Lo que estuvo ausente a lo largo del sexenio de Calderón fue la política, entendida en este caso, como la capacidad de lograr acuerdos y consensos entre actores que tienen posiciones heterogéneas y divergentes. Y estuvo ausente por dos razones: primero, por la falta de capacidad de los operadores panistas elegidos por el presidente anterior. A mi juicio, la inseguridad de Calderón era tal, que prefirió rodearse de personajes de segundo nivel a los que podía manotear y reprender. Quizá por eso Gómez Mont, un hombre tan inteligente y capaz como arrogante, duró tan poco como secretario de Gobernación. Lo cierto es que los operadores del sexenio anterior quedaron muy por debajo del nivel que exigía una sociedad con tantos vacíos de poder y cruzada por intereses tan contradictorios.

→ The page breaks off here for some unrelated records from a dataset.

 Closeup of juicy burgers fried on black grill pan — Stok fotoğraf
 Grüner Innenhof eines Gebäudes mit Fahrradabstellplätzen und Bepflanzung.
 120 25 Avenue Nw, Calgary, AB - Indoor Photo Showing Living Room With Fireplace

La segunda razón por la que estuvo ausente la política en los últimos años remite a la soberbia del Presidente. Calderón se atrincheró en sus propias razones y las defendió con un ahínco digno de mejores causas. En su inseguridad personal, el mandatario creyó que rectificar o ceder equivalía a debilidad. Ni 100 mil bajas civiles, entre muertos y desaparecidos, pudieron generar un gesto de duda: su negativa a publicar la Ley General de Víctimas, más allá de los pretextos jurídicos, revela una negación digna de diván psicoanalítico. Con tal talante, hay muy poco espacio para la negociación de fondo con todos los actores que no sean subordinados sumisos.

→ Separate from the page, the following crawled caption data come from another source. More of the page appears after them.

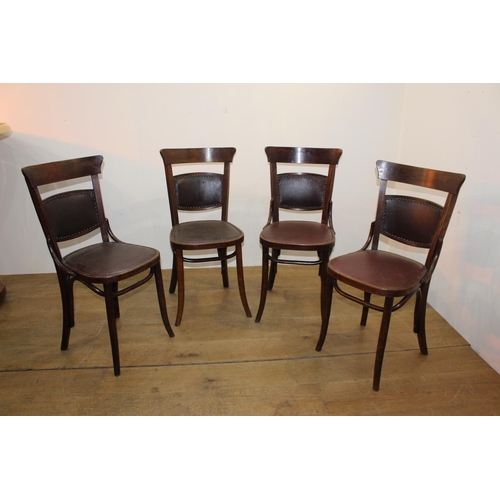 277 - Set of four bentwood chairs with leather seat and back. {90 cm H x 40 cm W x 40 cm D}.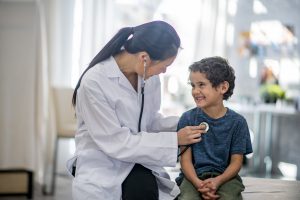 Boy smiling while the doctor checks his heart rate with a stethoscope.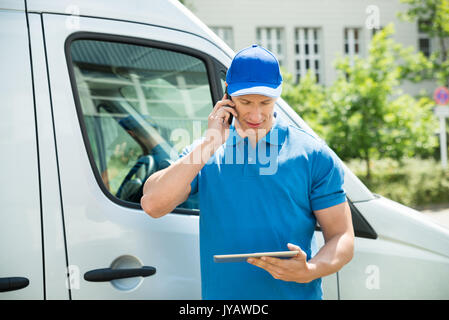 Male Worker In Front Truck Using Mobile Phone While Looking At Digital Tablet Stock Photo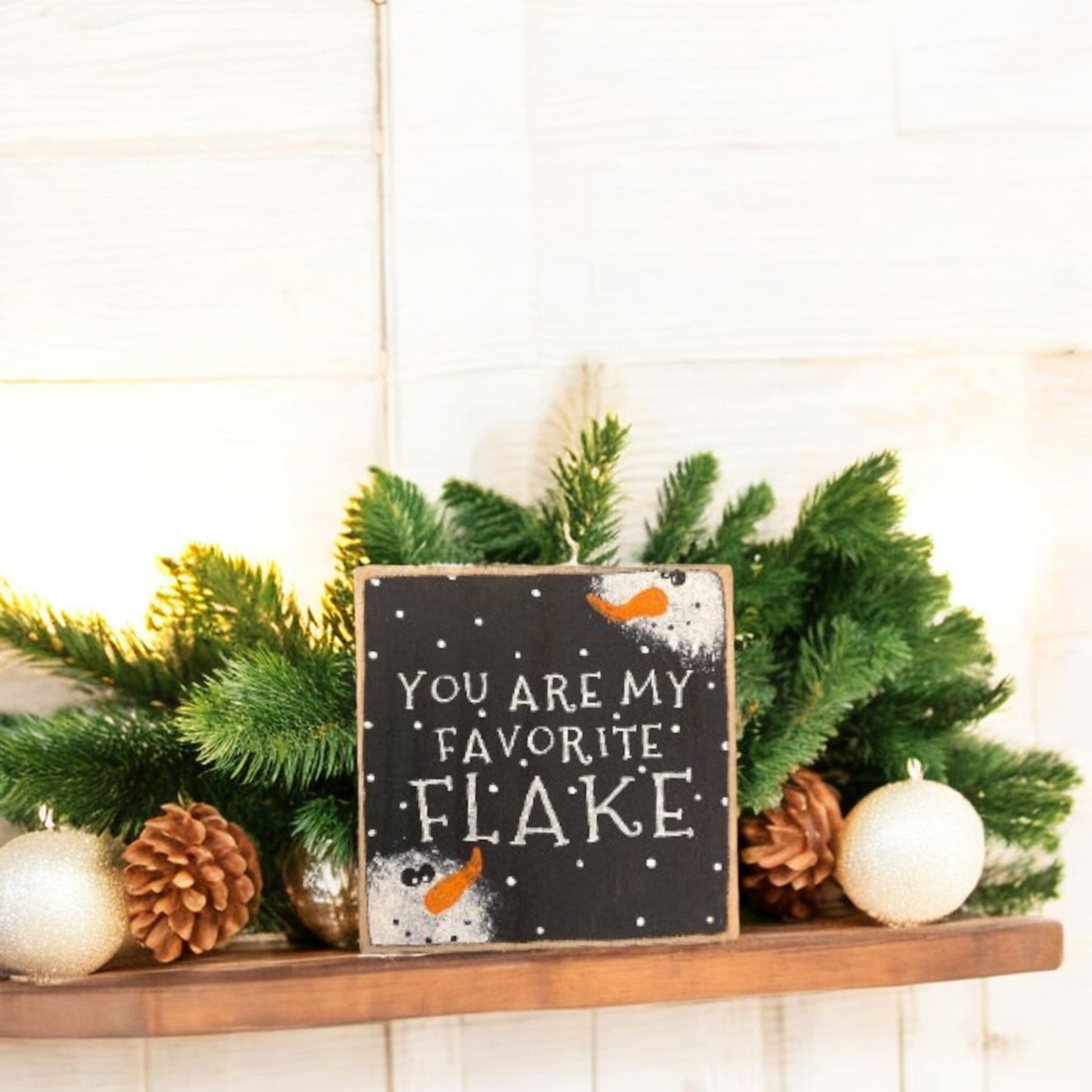 "You Are My Favorite Flake" wood block sign with a handpainted black background, white text, and snowman faces, perfect for primitive Christmas decor.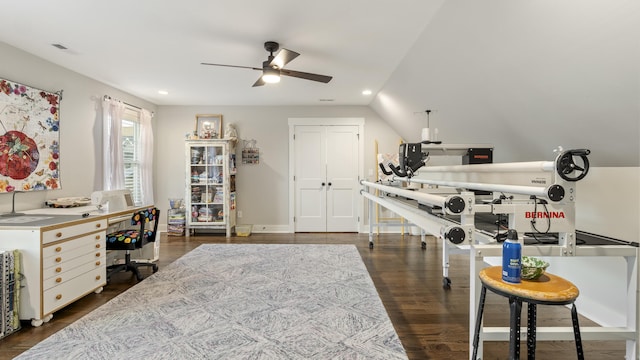 office space featuring ceiling fan, dark wood-type flooring, and vaulted ceiling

Lo que estamos viendo es el regreso de la política. Eruviel Ávila no era el sucesor que Peña Nieto hubiera querido en el Edomex, pero era el que más convenía a la causa. Buena parte de los temas de democratización, ciudadanización y rendición de cuentas que están en el pacto político no se encuentran en el ADN priísta, pero saben que es la única manera de afirmar el liderazgo presidencial y mejorar su margen de gobernabilidad. Rectificar en materia de horas el tema de Inmujeres (para que se mantuviera independiente de Sedesol) o retirar el cerco sobre San Lázaro previo a la toma de posesión, muestran el oficio de estos políticos profesionales.
El único negro en el arroz a una semana fueron los excesos contra estudiantes y provocadores el 1D. El tema está en manos de las autoridades de la capital, pero encontrar a los autores intelectuales de la provocación beneficiaría a todo el Gobierno, además del capitalino.

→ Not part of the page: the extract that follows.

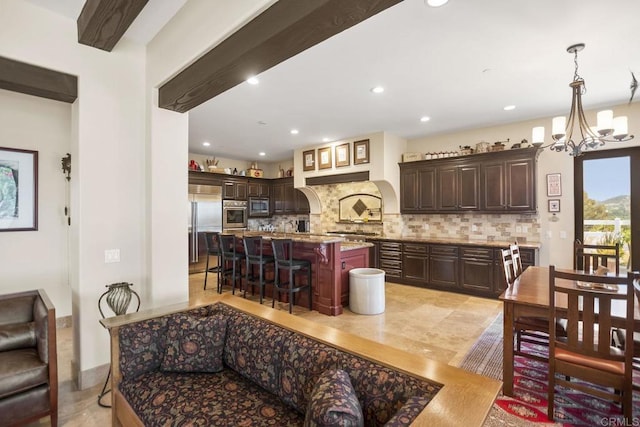 14786 Cool Valley Ranch Rd, Valley Center, CA 92082 - kitchen featuring built in appliances, decorative backsplash, a breakfast bar area, dark brown cabinets, and recessed lighting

Hay algo que no acaba de convencer del todo en esta reconversión de dinosaurios a agentes de Matrix. El salto a la pista de baile en un antro de tecno por parte de un sesentón, suele ser un espectáculo poco grato. Y sin embargo, lo están haciendo con resultados más que aceptables hasta ahora.
Difícil de predecir el resultado final de un gabinete conservador que impulsa una agenda progresista (la frase es de Jorge Castañeda). En el camino puede ganar la vocación autoritaria de los operadores y terminar distorsionado, maquillando o vaciando de contenido las propuestas democráticas. Pero bien podría suceder que la presión de la comunidad, el aplauso del público, termine convenciendo a los actores de la obra de teatro a encarnar a sus personajes. Convertirlos en democratizadores a pesar de sí mismos. Está en ellos, pero también en todos nosotros, el auditorio, que suceda una cosa o la otra.